That said, I would still have liked to learn Scheme or a Lisp as a first
language. It's a tiny language at its foundations and allows you to express
many different computer science concepts with little effort. Also, it's much,
much easier to write a Scheme interpreter in Scheme than a Python interpreter
in Python.

------
run4yourlives
Python. I actually wanted to learn it in earnest around 2001-02, but never
really pushed myself.

Given that I'm now attempting to make it my primary language, especially since
django came out, I would love to have had 6-7 years of experience behind me.

------
antigravity
Python, then LISP and (SML or Ocaml), then C and assembly and compilers, then
Python again.

Though I like what Norvig said in <http://norvig.com/21-days.html>

"Use your friends [...] Keep it simple. [...] Play. [...] Given these
criteria, my recommendations for a first programming language would be Python
or Scheme. But your circumstances may vary, and there are other good choices.
If your age is a single-digit, you might prefer Alice or Squeak (older
learners might also enjoy these). The important thing is that you choose and
get started."

------
petercooper
5-6 years ago there were only a "couple of choices" compared to "dozens" now?

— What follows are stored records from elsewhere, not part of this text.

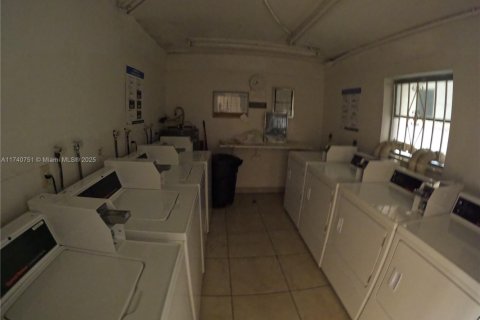 Condo in Miami, Florida, 2 bedrooms  № 1940599 - photo 14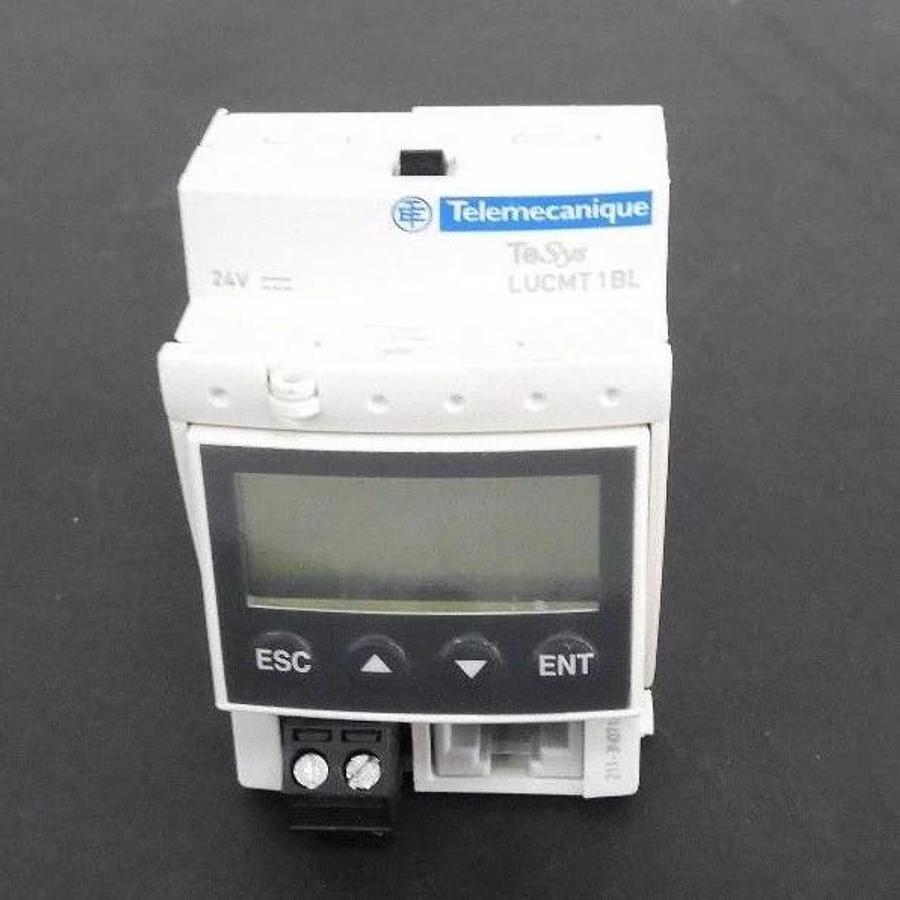 Used SCHNEIDER ELECTRIC TELEMECANIQUE LUCMT1BL TESYS MULTIFUCTION CONTROL UNIT 24V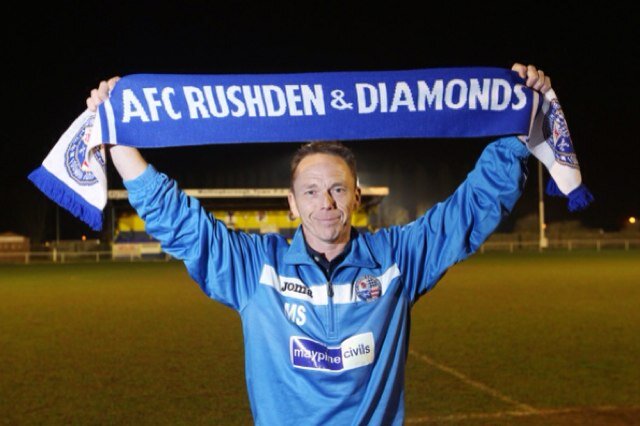 Twitter page dedicated to mark starmer, the @AFCRD coach.
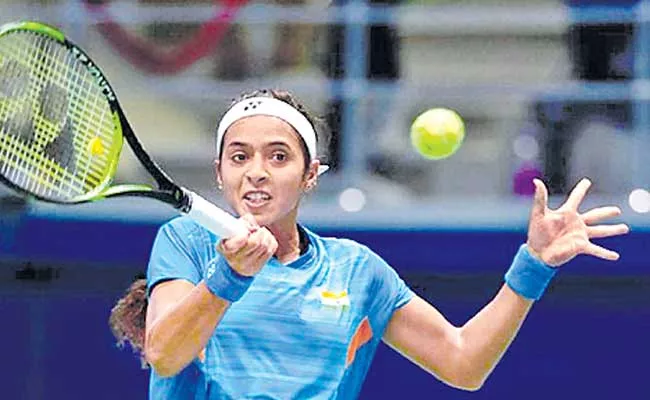 Ankita Raina Lost In French Open Grand Slam Qualifying Match - Sakshi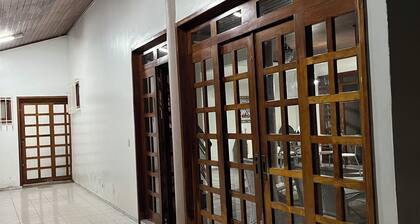 Casa Ampla com 4 Suítes com Escritório, Aceita Animais de Estimação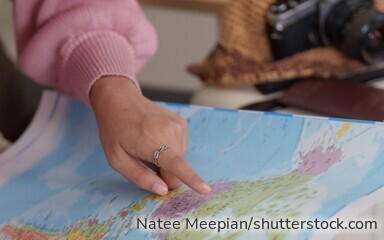 Viele Jugendliche starten nach dem Schulabschluss in ein Gap Year. Eltern sollten vorher die finanziellen Folgen für Kindergeld und Krankenversicherung kennen.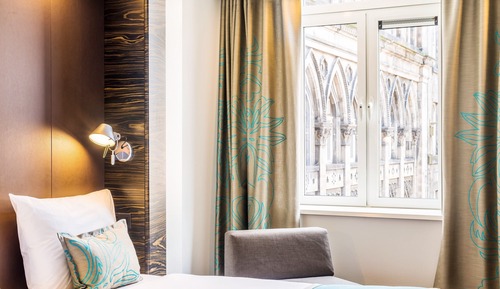 Standard Room with View, 1 Double Bed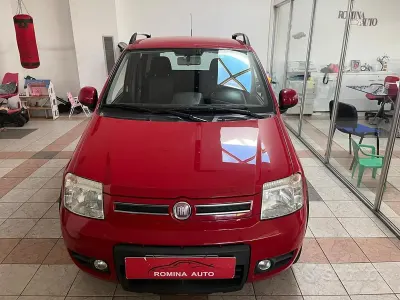 Usata Fiat Panda 4x4 60 CV (44 kW) 2010 Rosso Utilitaria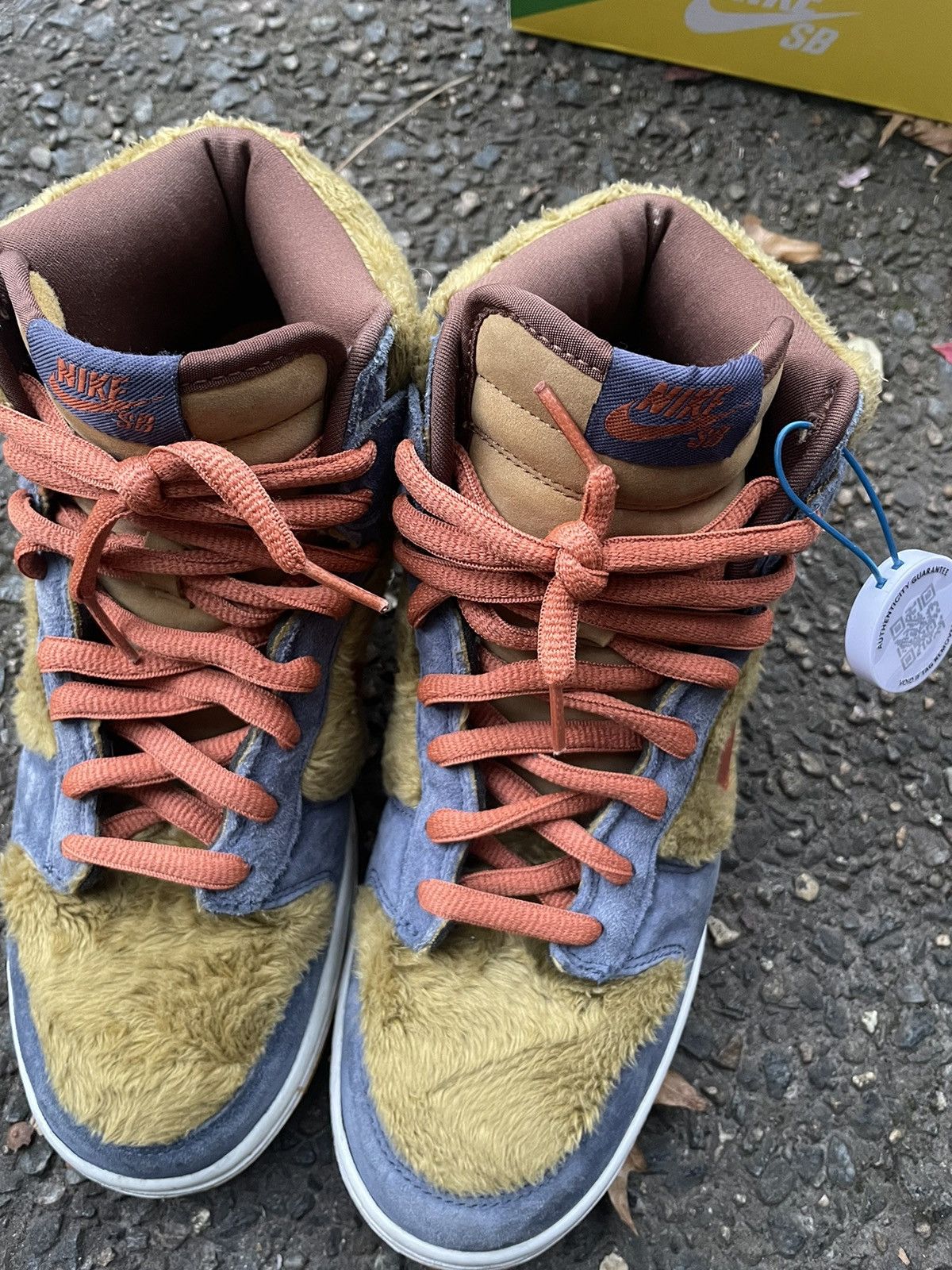 Nike Nike SB Dunk High Papa Bear sz 9 2006 Size US 9 / EU 42 - 10 Thumbnail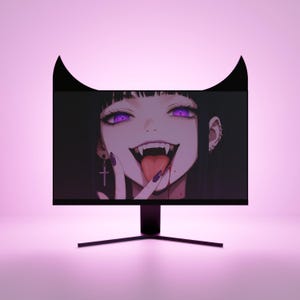Peut inclure: Un écran d'ordinateur noir avec une forme de cornes de diable en haut. L'écran affiche un personnage de style anime avec des yeux violets, des crocs et une langue ensanglantée. Le moniteur est sur un support noir sur fond rose.
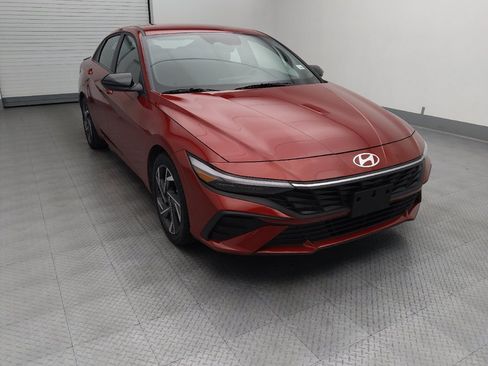 Used 2025 Hyundai Elantra Sport FWD image 14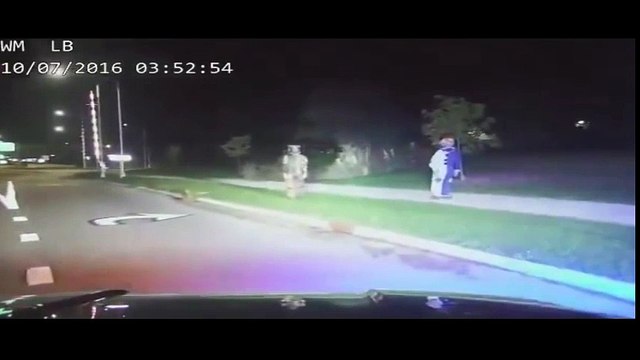 Policías arrestan a payasos 'asesinos' en plena madrugada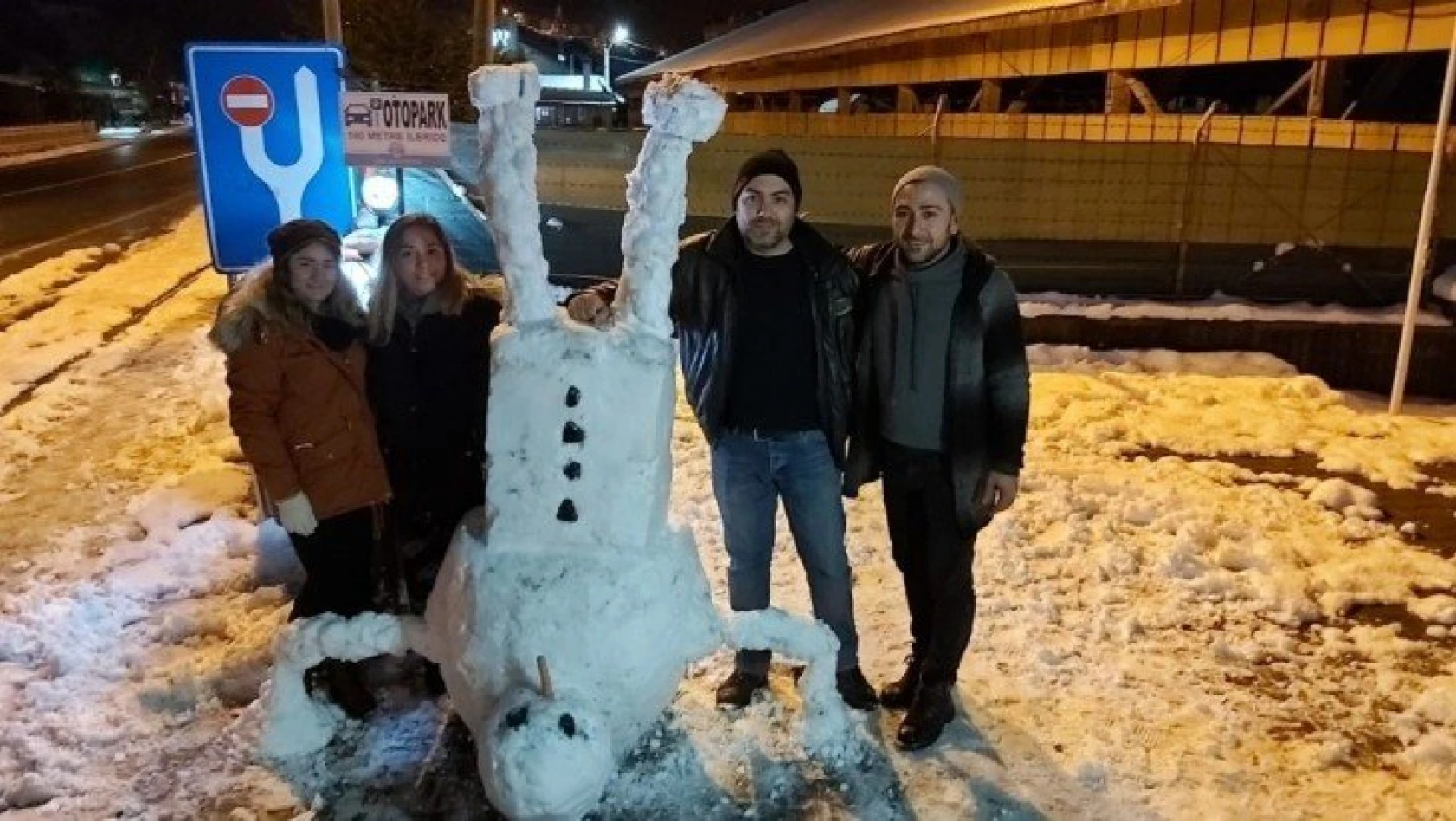 Biri kardan heykel yaptı, diğeri kardan adamı ters çevirdi
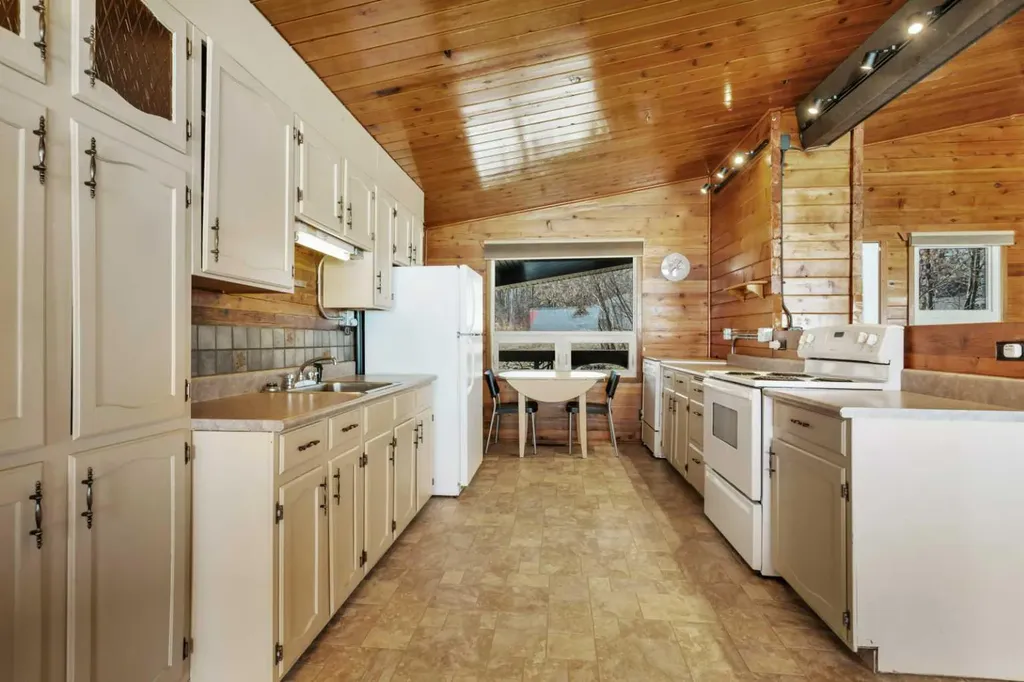 99 Grand Avenue Norglenwold AB T4S 1S5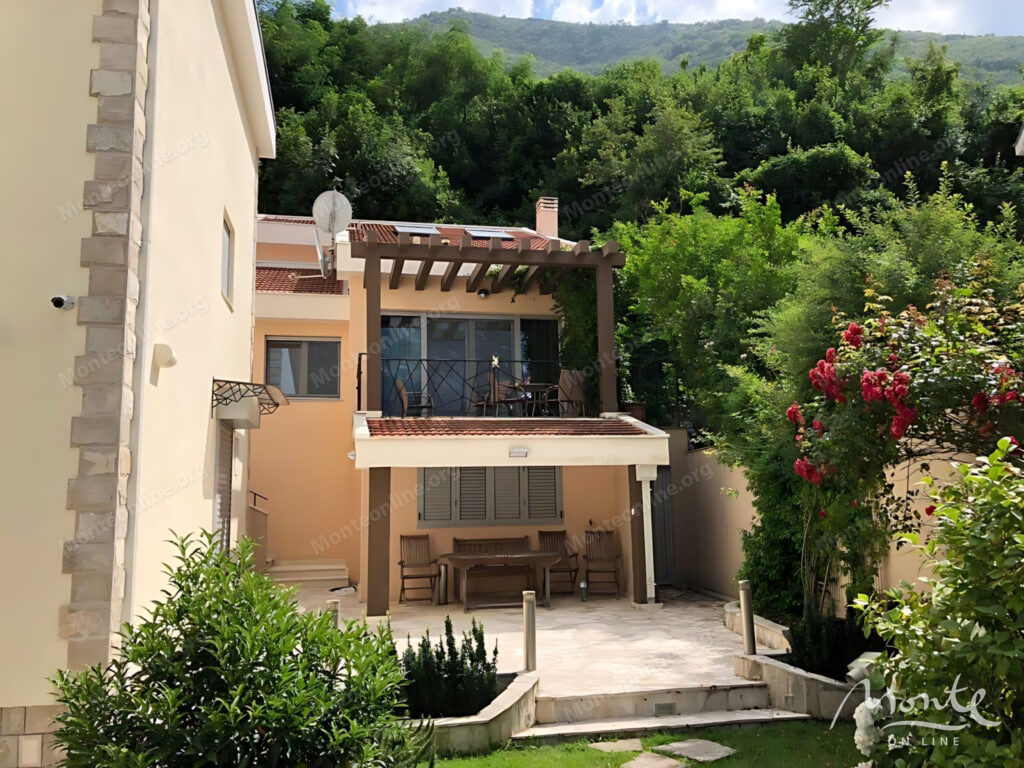 trehetazhnaya villa na 1 linii morya s gostevym domikom 17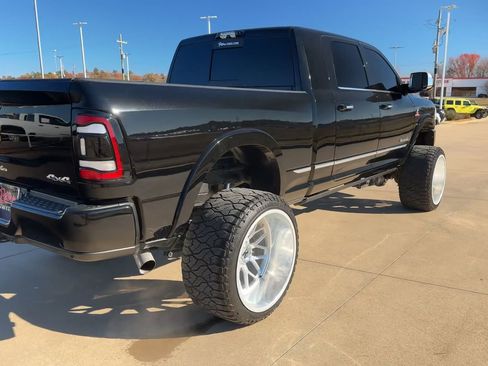 Used 2022 RAM 2500 Limited image 9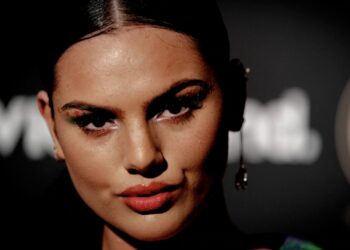 Famke Louise doet Bizarre uitspraak over corona-interview bij Jinek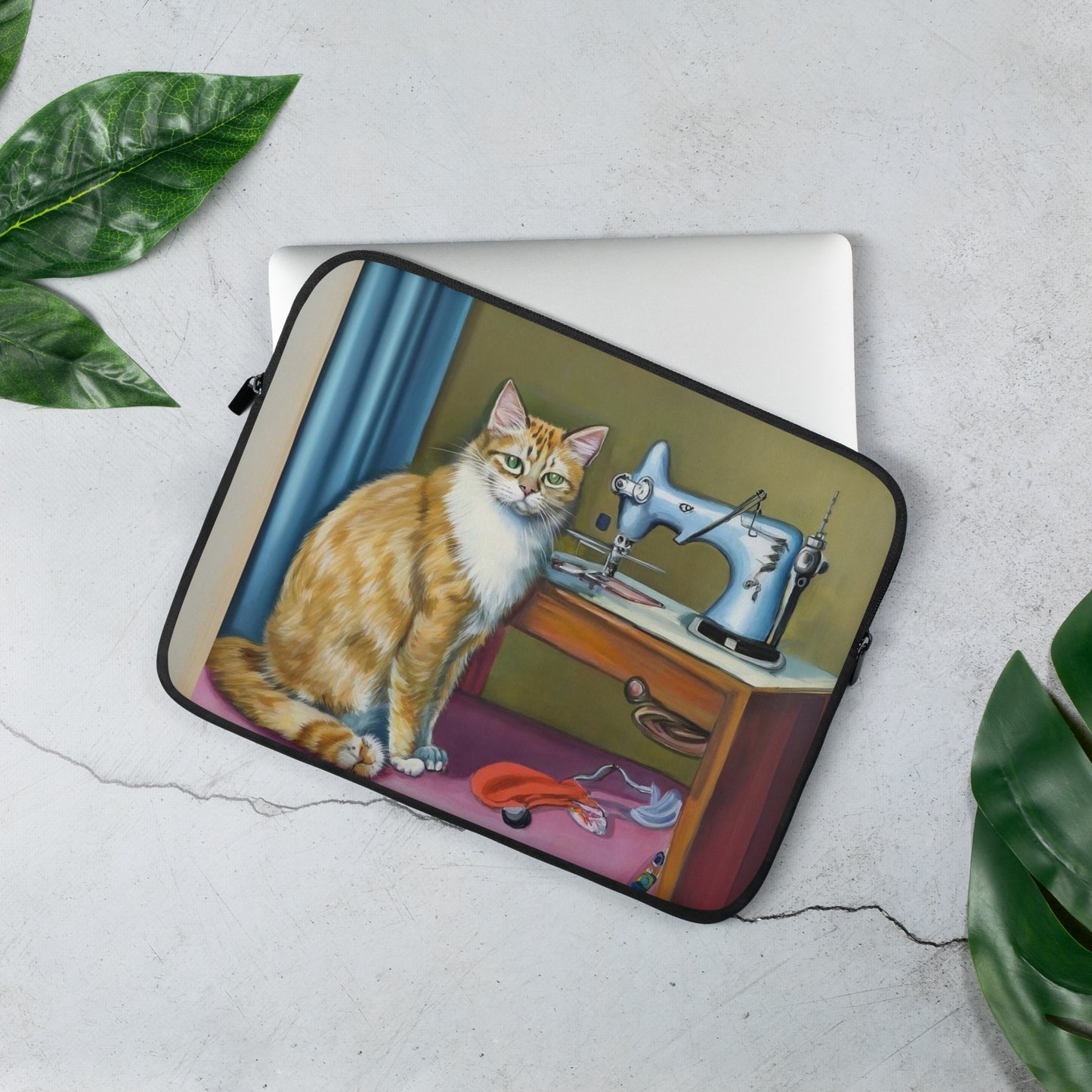 Laptop Sleeve with "Sewing Cat" design - The Perfect Gift for People who Love to Sew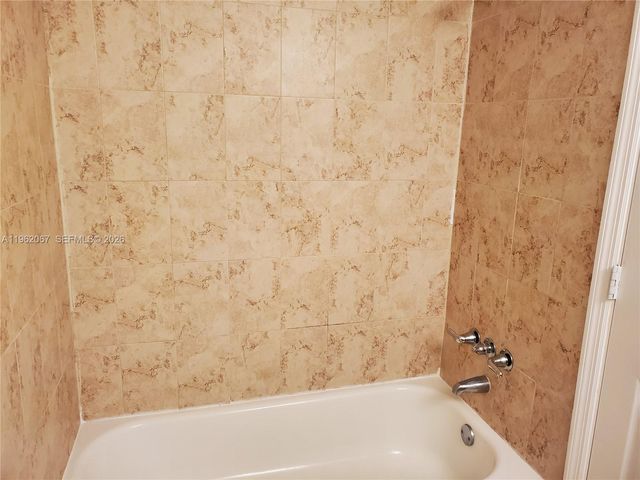 1300 Moffett St 109, Hallandale Beach, FL 33009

Nearly all of today's practical languages were around 5 - 6 years ago.. Perl,
Python, C, C++, Java, Ruby, JavaScript, etc. Of the major languages only C#
wasn't particularly well developed at that point (and Ruby lacked a good usage
case at the time).

I doubt many here will chose a language that's come along in the last 5 years
(Io, Clojure, Scala).. though I'd like to be surprised :)

------
ejs
I started with assembly, moved to C, dabbled in C++ and some of the microsoft
solutions (c#, VB), then moved to ruby for web stuff...

Cant say I would want to learn in a different order, but I do wish I would
have moved out of my assembly language stage faster...

------
Hates_
I'd still choose Java as my bread and butter language.

------
tiffani
C.

------
psaccounts
C